Date: Sun, 21 Dec 2008 14:34:52 +0100
From: "Peter J. Holzer" <hjp-usenet2@hjp.at>
Subject: Re: Rounding up in perl
Message-Id: <slrngkshfs.7fc.hjp-usenet2@hrunkner.hjp.at>

On 2008-12-20 16:39, Tim Greer <tim@burlyhost.com> wrote:
> Peter J. Holzer wrote:
>> As Ilya said, truncating is one of several modes of rounding.
>
> Right. I am well aware of that, and I even said so as well before Ilya
> replied.  
>
>> It's not that int doesn't round, or that
>> isn't dependable, it just usually isn't the rounding function you
>> want. 
>
> And that is what I said previously, it's not probably want you want,
> since it's intent is to truncate (even if that is a method used for
> rounding),

We may have a language problem here.

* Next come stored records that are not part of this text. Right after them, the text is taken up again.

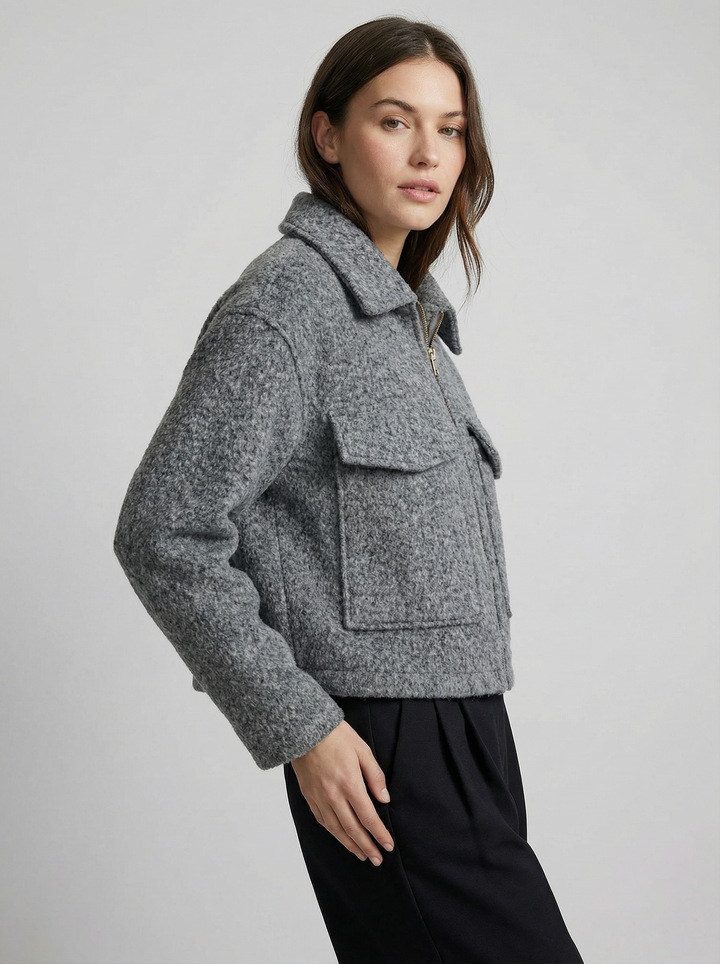 Gray women's cropped zip jacket. Features front pockets, a stylish outerwear piece for spring and autumn layering.
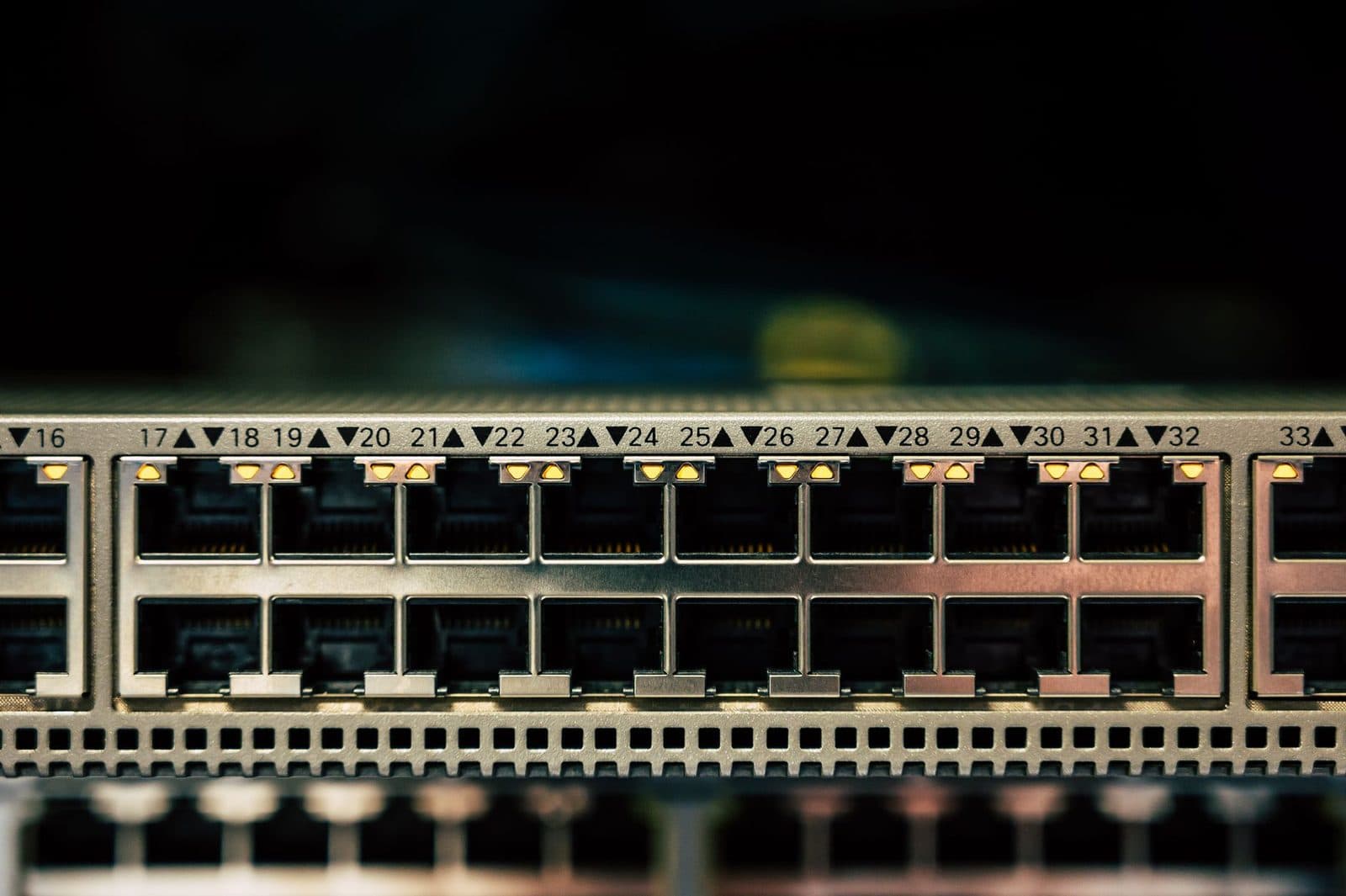 Primer plano de los puertos RJ45 numerados de un conmutador de red con los pilotos encendidos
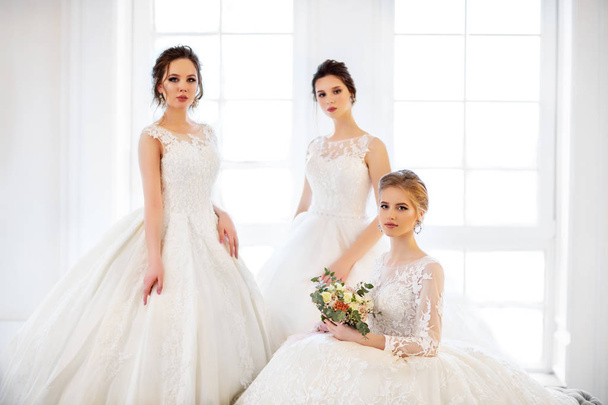 Tři mladé ženy s kytice na sobě svatební šaty - Fotografie, Obrázek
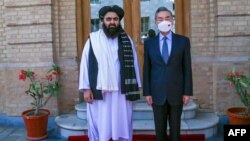 Taliban Foreign Minister Amir Khan Muttaqi meets with Chinese Foreign Minister Wang Yi in Kabul in March.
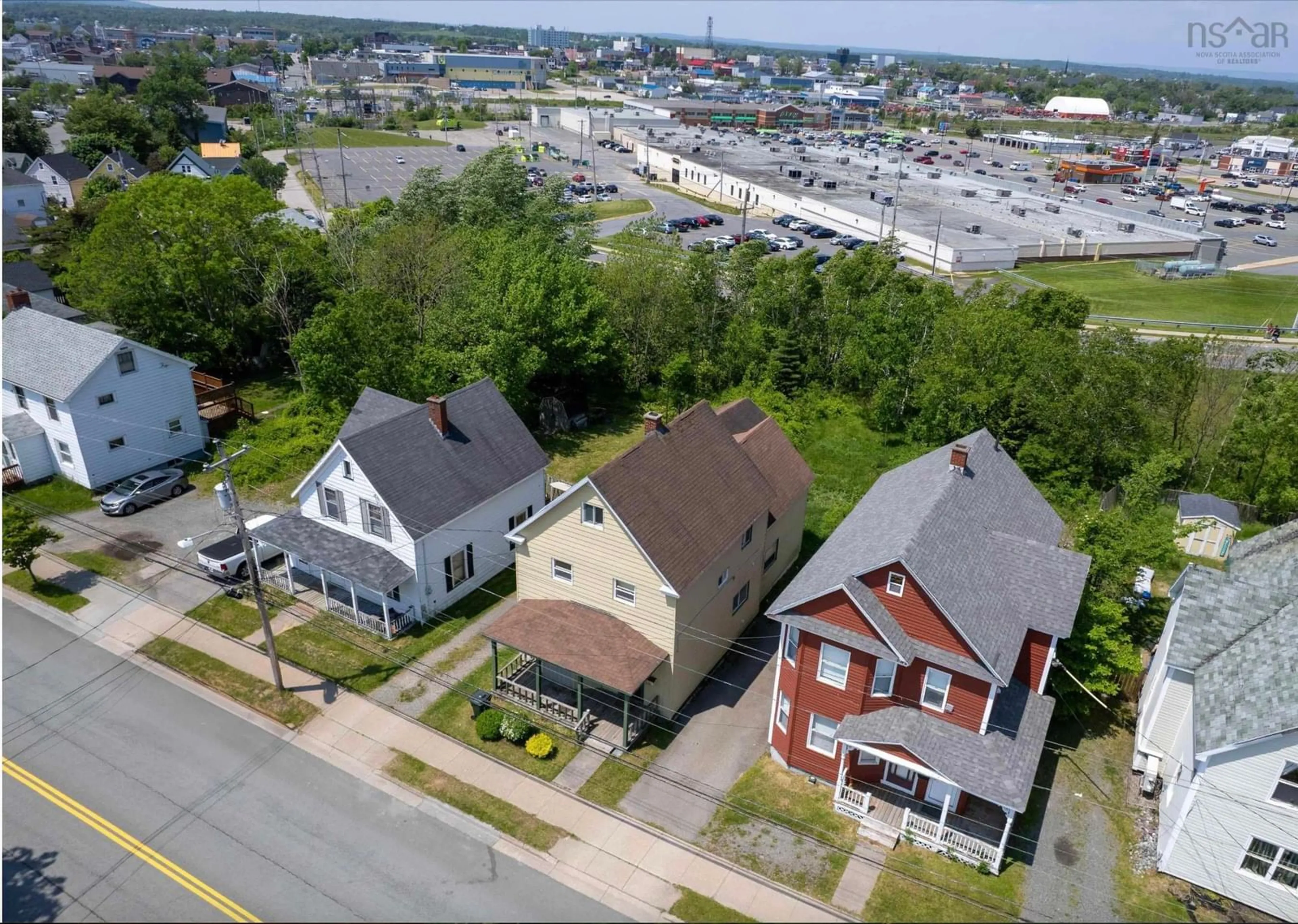 A pic from outside/outdoor area/front of a property/back of a property/a pic from drone, street for 391 Townsend St, Sydney Nova Scotia B1P 5G3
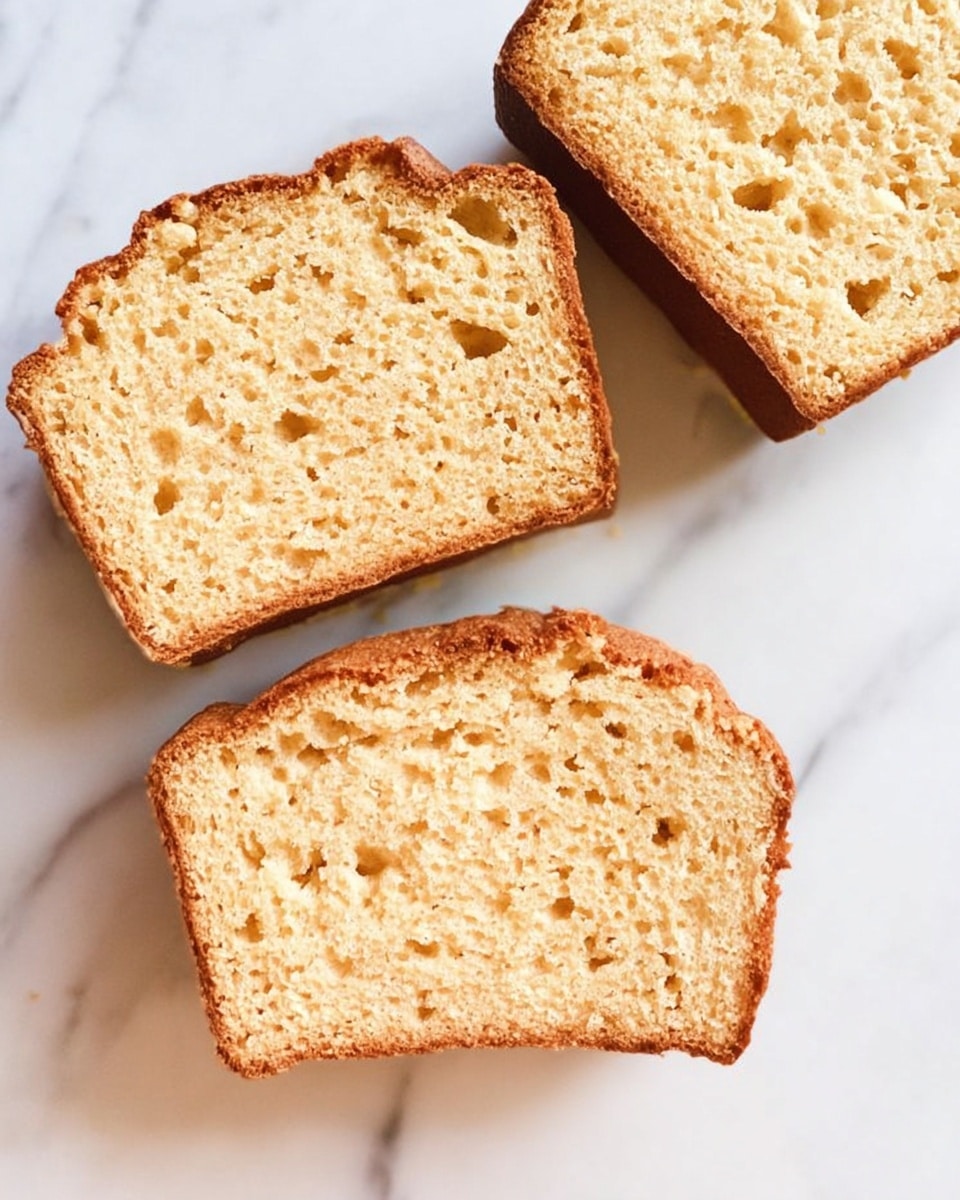 Three slices of light golden brown bread with a spongy, airy texture are placed on a white marbled surface. Each slice shows a soft crumb with small holes inside and a slightly darker crust around the edges. The slices are arranged loosely, not touching each other. The top slice is whole, while the other two have uneven edges, showing a natural, homemade look. photo taken with an iphone --ar 4:5 --v 7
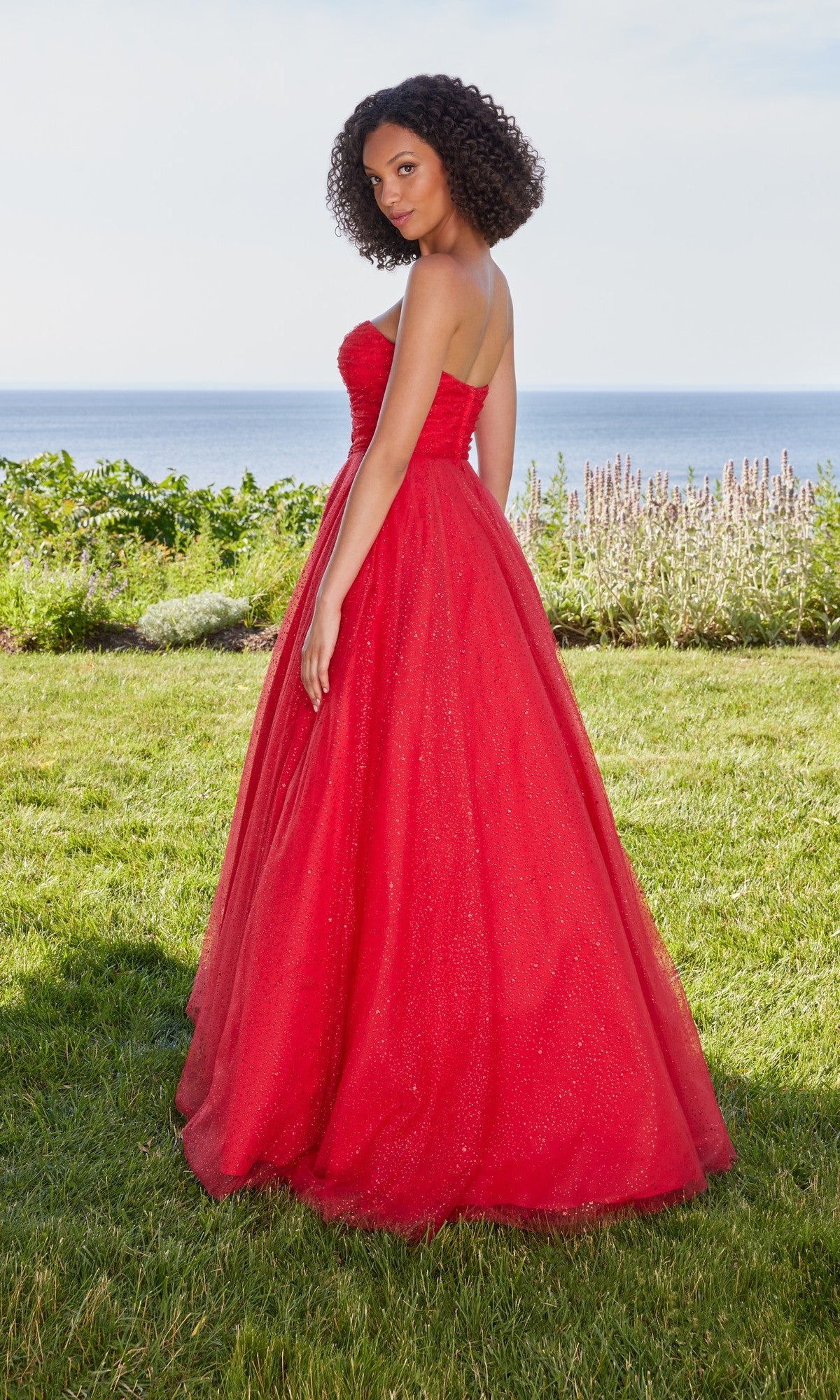 A woman stands on grass by the ocean and sky, wearing the Morilee 49137 long prom dress—a strapless ball gown with an elegant a-line skirt.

I wouldn't say "truncating is a
method used for rounding", but "truncating is a method of rounding". The
former implies that there is only one way of rounding, and truncating is
not rounding, but can be used to implement rounding. The latter implies
that there are many ways of rounding, and trucating is one of them.

> and I think that it's not as dependable as other solutions,

Again, we may have a language problem. If I say a method is "not
dependable" I mean that it does give the expected result most of the
time, but sometimes it gives the wrong result, and the problem isn't
immediately apparent.

To borrow an example from a recent thread, replacing a symlink with 

    unlink($link) if -e $link;
    symlink($target, $link);

is not dependable. It works almost all of the time, but there is a
possibility that another process creates $link between the time your
process has removed it and tries to recreate it - and unless you are
used to thinking about race conditions, you may not see that.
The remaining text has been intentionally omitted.